He wasted no time in asking. On our first lunch in our usual table at Fior d’Italia. He said, “So what happened to the statues? You still have them?” He thought I’d sold them, which I might have, or I might have tried to get them back down to Peru, where they belonged. I didn’t know, but the point was now moot.

I took a big breath, put on a big ironic smile, and told him about the appraisal. Alabaster said his face showed shock. Then he expressed doubt that Art, a gold minor and amateur archaeologist, would have been duped about buying fake artifacts. And I said what I’d been thinking. “None of us asked about them. We just all assumed the beautiful little sculptures were real gold Pre-Columbian artifacts, and he let us keep on thinking that.”

Then my dad laughed, and said, “Ah, that old bugger. I bet he’s laughing at us all right now.” It was the only such indulgence I’d ever heard my dad make about some possible afterlife. Then he told us about how Art liked to play jokes on people, and that sounded familiar. He and my aunt Evelyn also did not have kids. They were my only relatives on my dad’s side that I knew growing up, after my Grammy Leona had died when I was ten.

At the end of the Peruvian Gold conversation, I asked if maybe I could choose another heirloom, like “what’s behind curtain number 3, cuz I got a dud,” and we laughed hard at that. It was a very good last visit.

Under the bridge

My dad, Lee Goodin, and I on a boat on the San Francisco Bay.As I said, my grandfather Alcidos was a construction worker whom my dad never knew. He had been born in Minnesota to French Canadian Godins, who were one of the original Acadians who settled in Canada in the 17th century, and then were displaced when the Brits took over. Some of the Acadian Godins moved to Quebec–if you play guitar, you may have heard of the Godin maker, and others moved down to Louisiana to become Cajuns. Others moved south into Maine and then westward, as my Godins did, and settled in other parts of the US. My Godins settled in Minnesota, which is where Alcidos Sinai Godin was born in 1910.

At some point in his travels from Minnesota to San Francisco, Alcidos added another “o” to Godin to make it Goodin, because, as the stories have it, he was tired of being called God in, rather than the French way, which pronounces it like French sculptor Rodin.

If you were wondering why my dad is Goodin, and I’m Godin, it’s because, with his blessing, I reclaimed the French spelling. That said, he never got used to me taking my middle name, his mother’s name Leona, for my primary name.

I wrote a fanciful tale about all this, called “Likenesses: A Family History Through Photos, Real and Imagined,” which was originally published at FLAPPERHOUSE. I brought the zine to him and he read, with me next to him. When he’d finished he said, Katerina wasn’t a seamstress, she was a barmaid.
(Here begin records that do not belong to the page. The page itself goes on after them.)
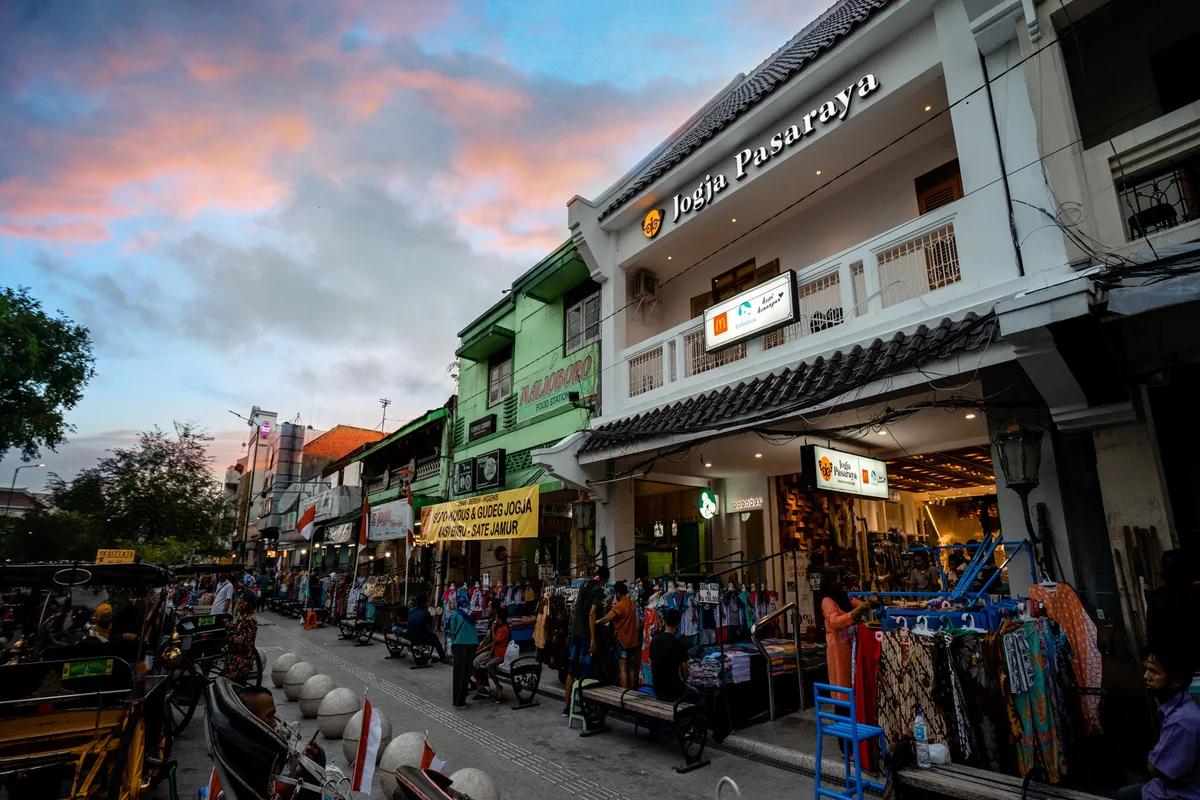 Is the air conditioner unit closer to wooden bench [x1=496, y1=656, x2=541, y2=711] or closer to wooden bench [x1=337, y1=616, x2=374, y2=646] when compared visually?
wooden bench [x1=496, y1=656, x2=541, y2=711]

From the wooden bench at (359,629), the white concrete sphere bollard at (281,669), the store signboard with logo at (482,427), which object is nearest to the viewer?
the white concrete sphere bollard at (281,669)

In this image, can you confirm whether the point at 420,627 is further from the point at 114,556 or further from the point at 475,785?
the point at 475,785

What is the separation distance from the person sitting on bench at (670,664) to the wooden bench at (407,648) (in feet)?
27.6

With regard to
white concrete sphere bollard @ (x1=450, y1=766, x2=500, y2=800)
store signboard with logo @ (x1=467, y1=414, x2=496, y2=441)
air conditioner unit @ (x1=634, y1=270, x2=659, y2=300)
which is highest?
air conditioner unit @ (x1=634, y1=270, x2=659, y2=300)

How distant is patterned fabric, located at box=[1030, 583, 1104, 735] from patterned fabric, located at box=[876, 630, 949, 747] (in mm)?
1273

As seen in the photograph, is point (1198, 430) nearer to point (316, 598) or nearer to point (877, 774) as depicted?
point (877, 774)

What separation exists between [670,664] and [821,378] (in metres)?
4.18

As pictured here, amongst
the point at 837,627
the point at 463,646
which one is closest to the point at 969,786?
the point at 837,627

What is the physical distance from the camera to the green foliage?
2458cm

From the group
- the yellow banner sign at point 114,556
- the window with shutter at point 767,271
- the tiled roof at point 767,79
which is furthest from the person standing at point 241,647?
the window with shutter at point 767,271

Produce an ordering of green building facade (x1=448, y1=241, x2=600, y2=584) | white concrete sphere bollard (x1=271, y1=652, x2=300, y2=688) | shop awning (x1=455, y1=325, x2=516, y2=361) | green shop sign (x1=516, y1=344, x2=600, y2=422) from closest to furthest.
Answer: white concrete sphere bollard (x1=271, y1=652, x2=300, y2=688), green shop sign (x1=516, y1=344, x2=600, y2=422), green building facade (x1=448, y1=241, x2=600, y2=584), shop awning (x1=455, y1=325, x2=516, y2=361)

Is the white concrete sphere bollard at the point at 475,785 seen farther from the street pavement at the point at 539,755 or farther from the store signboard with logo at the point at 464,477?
the store signboard with logo at the point at 464,477

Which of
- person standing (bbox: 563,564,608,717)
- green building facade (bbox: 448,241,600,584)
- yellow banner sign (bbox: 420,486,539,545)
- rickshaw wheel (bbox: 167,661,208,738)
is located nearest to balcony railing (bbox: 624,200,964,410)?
person standing (bbox: 563,564,608,717)

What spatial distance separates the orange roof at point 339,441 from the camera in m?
53.0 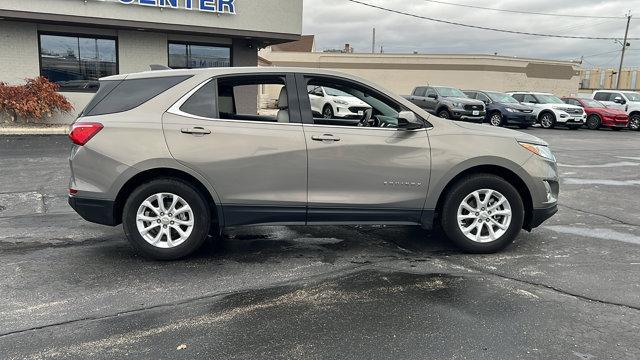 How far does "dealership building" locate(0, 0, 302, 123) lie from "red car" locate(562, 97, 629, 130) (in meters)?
15.4

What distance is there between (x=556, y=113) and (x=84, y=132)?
23474 millimetres

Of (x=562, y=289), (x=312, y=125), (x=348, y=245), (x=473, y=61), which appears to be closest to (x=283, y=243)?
(x=348, y=245)

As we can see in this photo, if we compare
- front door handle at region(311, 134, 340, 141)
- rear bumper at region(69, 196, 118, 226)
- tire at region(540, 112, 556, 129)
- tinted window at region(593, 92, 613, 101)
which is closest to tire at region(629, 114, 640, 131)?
tinted window at region(593, 92, 613, 101)

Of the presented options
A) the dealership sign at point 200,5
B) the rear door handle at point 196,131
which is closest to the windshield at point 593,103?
the dealership sign at point 200,5

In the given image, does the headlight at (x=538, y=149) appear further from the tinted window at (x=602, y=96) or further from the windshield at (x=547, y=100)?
the tinted window at (x=602, y=96)

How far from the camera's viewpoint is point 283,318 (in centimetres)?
373

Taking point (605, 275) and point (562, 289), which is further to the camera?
point (605, 275)

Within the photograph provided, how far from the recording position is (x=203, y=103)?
16.1 ft

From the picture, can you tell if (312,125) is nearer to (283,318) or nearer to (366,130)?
(366,130)

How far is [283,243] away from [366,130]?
5.13 ft

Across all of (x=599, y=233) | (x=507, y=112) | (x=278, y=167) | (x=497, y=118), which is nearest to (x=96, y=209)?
(x=278, y=167)

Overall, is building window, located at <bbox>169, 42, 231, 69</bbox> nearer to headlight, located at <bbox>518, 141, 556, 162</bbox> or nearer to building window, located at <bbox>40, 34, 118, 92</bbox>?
building window, located at <bbox>40, 34, 118, 92</bbox>

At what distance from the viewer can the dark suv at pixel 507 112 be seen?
74.5ft

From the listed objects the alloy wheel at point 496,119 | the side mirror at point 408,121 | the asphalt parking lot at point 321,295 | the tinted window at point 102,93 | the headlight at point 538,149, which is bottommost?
the asphalt parking lot at point 321,295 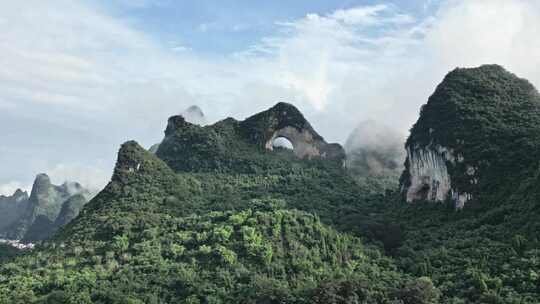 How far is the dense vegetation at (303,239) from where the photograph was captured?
36719 mm

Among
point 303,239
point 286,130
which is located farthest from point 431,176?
point 286,130

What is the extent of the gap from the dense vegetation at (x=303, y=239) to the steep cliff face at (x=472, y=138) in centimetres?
16

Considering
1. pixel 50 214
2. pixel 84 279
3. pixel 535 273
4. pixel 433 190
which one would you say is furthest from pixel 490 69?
pixel 50 214

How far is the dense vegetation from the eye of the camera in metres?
36.7

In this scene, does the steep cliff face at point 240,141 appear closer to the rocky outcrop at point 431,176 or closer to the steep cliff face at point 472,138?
the rocky outcrop at point 431,176

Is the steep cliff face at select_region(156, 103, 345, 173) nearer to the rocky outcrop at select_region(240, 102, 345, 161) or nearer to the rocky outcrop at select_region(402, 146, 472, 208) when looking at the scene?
the rocky outcrop at select_region(240, 102, 345, 161)

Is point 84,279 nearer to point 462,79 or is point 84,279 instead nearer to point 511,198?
point 511,198

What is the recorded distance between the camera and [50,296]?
3709 centimetres

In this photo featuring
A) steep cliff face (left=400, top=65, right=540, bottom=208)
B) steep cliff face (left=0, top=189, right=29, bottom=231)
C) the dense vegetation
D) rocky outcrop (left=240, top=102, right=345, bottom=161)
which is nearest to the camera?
the dense vegetation

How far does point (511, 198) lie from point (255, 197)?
21724mm

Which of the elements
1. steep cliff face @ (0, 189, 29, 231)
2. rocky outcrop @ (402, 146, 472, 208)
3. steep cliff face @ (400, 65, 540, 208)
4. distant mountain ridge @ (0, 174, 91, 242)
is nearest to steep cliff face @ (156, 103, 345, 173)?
rocky outcrop @ (402, 146, 472, 208)

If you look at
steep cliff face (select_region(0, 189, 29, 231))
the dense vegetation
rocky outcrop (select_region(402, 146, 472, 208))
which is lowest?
the dense vegetation

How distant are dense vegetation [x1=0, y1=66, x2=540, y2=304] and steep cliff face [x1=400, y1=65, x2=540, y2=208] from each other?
0.16m

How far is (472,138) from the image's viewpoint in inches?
2082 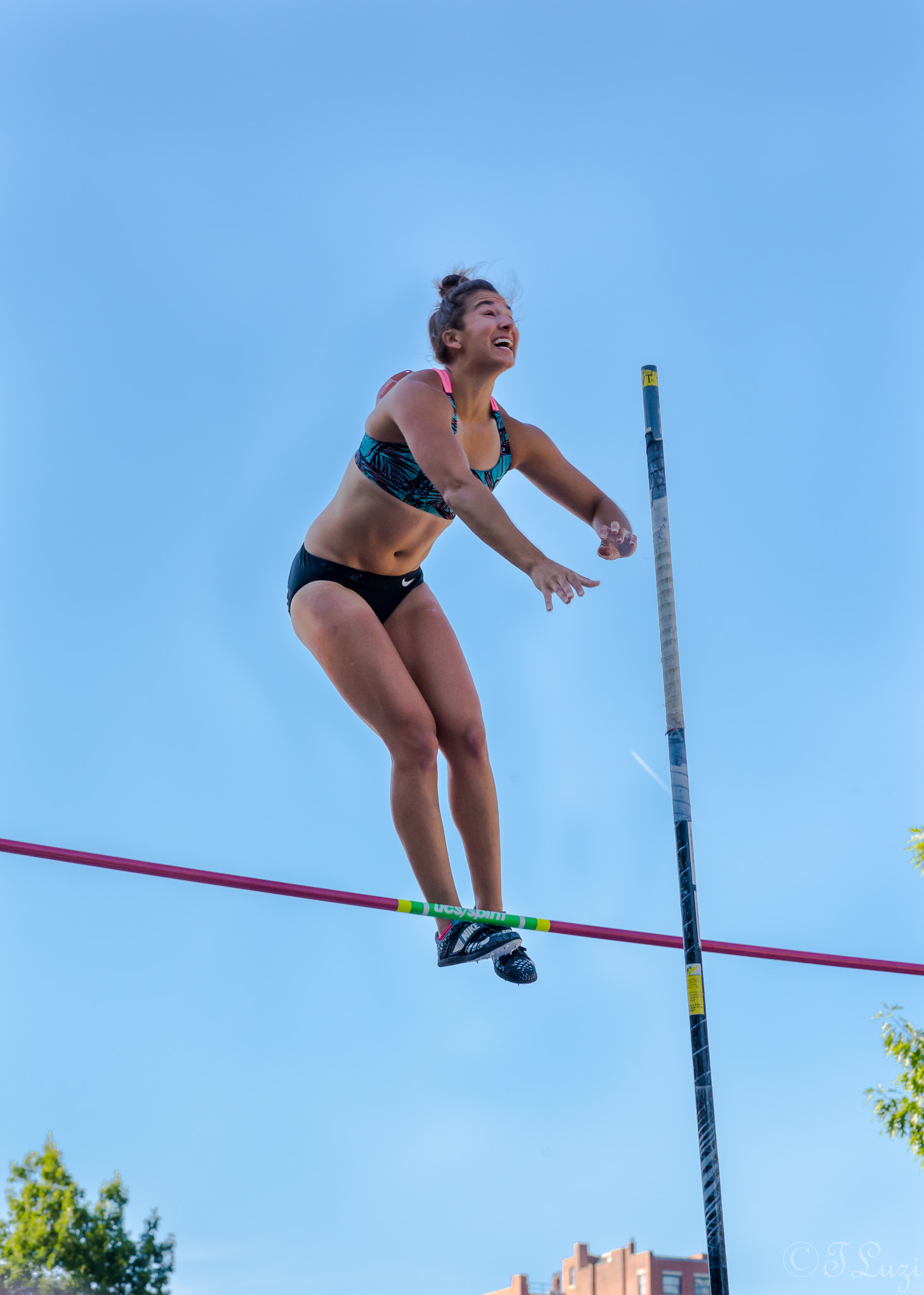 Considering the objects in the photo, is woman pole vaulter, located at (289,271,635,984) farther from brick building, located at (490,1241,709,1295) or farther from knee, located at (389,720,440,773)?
brick building, located at (490,1241,709,1295)

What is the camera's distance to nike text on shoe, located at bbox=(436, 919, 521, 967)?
4543mm

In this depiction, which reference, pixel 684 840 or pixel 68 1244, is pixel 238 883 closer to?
pixel 684 840

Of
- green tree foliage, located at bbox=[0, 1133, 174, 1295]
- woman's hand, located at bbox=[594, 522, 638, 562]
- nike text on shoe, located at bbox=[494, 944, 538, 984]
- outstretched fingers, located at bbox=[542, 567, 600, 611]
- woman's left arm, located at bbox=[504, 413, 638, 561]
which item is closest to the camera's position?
outstretched fingers, located at bbox=[542, 567, 600, 611]

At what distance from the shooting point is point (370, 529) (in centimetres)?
481

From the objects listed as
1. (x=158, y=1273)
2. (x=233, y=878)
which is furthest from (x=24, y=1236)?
(x=233, y=878)

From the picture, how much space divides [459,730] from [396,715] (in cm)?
31

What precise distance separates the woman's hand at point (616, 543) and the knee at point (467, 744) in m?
0.82

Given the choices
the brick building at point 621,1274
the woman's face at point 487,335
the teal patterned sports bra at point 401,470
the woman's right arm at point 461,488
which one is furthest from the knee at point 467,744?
the brick building at point 621,1274

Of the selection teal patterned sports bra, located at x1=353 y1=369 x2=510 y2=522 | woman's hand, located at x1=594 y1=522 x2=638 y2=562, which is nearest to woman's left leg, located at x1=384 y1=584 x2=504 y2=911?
teal patterned sports bra, located at x1=353 y1=369 x2=510 y2=522

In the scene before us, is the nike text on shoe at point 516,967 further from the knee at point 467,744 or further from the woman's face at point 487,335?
the woman's face at point 487,335

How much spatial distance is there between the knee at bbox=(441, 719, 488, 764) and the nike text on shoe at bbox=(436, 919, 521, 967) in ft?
1.99

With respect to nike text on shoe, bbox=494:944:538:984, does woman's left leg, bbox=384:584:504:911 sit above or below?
above

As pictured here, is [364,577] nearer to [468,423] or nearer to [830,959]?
[468,423]

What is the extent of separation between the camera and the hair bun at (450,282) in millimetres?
5121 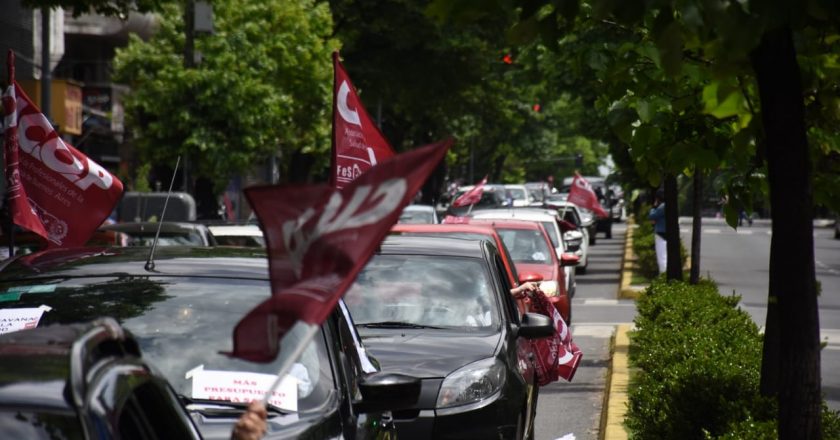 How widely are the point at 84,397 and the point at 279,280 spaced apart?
0.62m

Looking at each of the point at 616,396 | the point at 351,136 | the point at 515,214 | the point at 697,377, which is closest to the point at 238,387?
the point at 697,377

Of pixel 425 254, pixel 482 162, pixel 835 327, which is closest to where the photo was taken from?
pixel 425 254

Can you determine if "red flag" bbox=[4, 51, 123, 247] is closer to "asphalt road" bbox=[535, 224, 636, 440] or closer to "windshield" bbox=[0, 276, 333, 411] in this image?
"asphalt road" bbox=[535, 224, 636, 440]

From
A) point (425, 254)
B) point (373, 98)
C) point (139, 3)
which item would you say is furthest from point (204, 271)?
point (373, 98)

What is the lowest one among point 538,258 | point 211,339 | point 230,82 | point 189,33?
point 538,258

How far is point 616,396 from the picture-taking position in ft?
38.4

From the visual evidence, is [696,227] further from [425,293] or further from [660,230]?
[425,293]

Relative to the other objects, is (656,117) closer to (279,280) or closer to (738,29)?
(738,29)

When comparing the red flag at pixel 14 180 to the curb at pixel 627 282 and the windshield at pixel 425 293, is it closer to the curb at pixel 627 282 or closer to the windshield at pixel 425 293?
the windshield at pixel 425 293

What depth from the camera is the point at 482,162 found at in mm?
104000

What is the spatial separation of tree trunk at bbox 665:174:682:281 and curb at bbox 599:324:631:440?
3960 millimetres

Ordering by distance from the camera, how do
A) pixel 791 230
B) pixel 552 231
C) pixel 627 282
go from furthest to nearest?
pixel 627 282
pixel 552 231
pixel 791 230

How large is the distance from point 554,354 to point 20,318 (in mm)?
6060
My dad wanted to be cremated and strewn into his beloved San Francisco Bay, under the bridges his father helped to build. I’ll be traveling back to say goodbye to him for that ceremony on September 1, followed by a celebration of his life at Fior d’Italia on Sunday September 2. His band will be there to play his old favorites, which, tended towards the dark. He loved his lighthearted musicals, but he also loved “St. James Infirmary,” and would delightedly snap his fingers to the macabre lyrics every time.

I miss and love you dad. See you on the Bay.

 

A Paris Wasting, Catherine’s story from Death of Godin

Saint Catherine of Siena 19th century painting (anonymous). She wears a nun's habit and a crown of thorns. Her head is encircled by a halo, and in her hands, she holds a cross and a flower.Catherine had been exalting in out of body bliss but the flesh sucked back. I must get up. She rolled onto her belly and lifted dizzily onto hands and knees. She executed a wobbly circle on the futon that lay on the floor and pointed herself towards the kitchen. A kitchen made for one in a studio apartment made for one on the Rue du Faubourg Saint-Antoine, but just exactly like so many other such solitary places she had sublet around the world.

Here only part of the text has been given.